Erdoğan Neden Sahada?
2023 seçim kampanyasının "erken" başladığının diğer bir göstergesi de Cumhurbaşkanı Erdoğan'ın sahaya inmesi ve seçimlerden bahsetmesi oldu. Gerçi salgın sebebiyle şehir gezilerini azaltan Erdoğan'ın, yaz ayları ile birlikte sahaya inmesini seçim gezileri olarak görmek tam doğru değil. Erdoğan'ın gezileri hem açılış hem yapılan hizmetleri anlatma hem de milletin tepkilerini ve taleplerini hissetme amaçlı. Cumhurbaşkanlığı sisteminin üç yıllık performansını ve değerlendirmesini sahada yapmak niyetinde. Bu gezilerle toplumun farklı kesimlerine hitap edecek mikro projeleri belirlemek istiyor. Elbette en önemlisi, AK Parti'yi iki yıllık bir seferberliğe başlatma arzusunda. Erdoğan için önümüzdeki iki yıl, seçmene ulaşan etkin icraat ile 2023 seçimlerinin kritik öneminin anlatıldığı bir dönem olacak.
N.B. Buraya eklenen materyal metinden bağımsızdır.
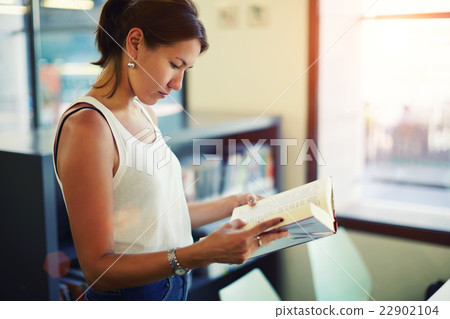 Woman reading book in beautiful light interior  22902104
Nitekim Erdoğan önceki gün kullandığı "2023 seçimleri çok önemli hale gelmiştir" cümlesini dün Diyarbakır'da genişletti: "2023'e giden süreçte bizi ağır imtihanların beklediği anlaşılıyor. Ülkemize yönelik yurt dışı mahreçli planların yeniden devreye alındığını görüyoruz. Başını CHP'nin çektiği her kesim dozunu her gün biraz daha yükselttikleri nefret söylemleriyle bu kirli planlara destek veriyor."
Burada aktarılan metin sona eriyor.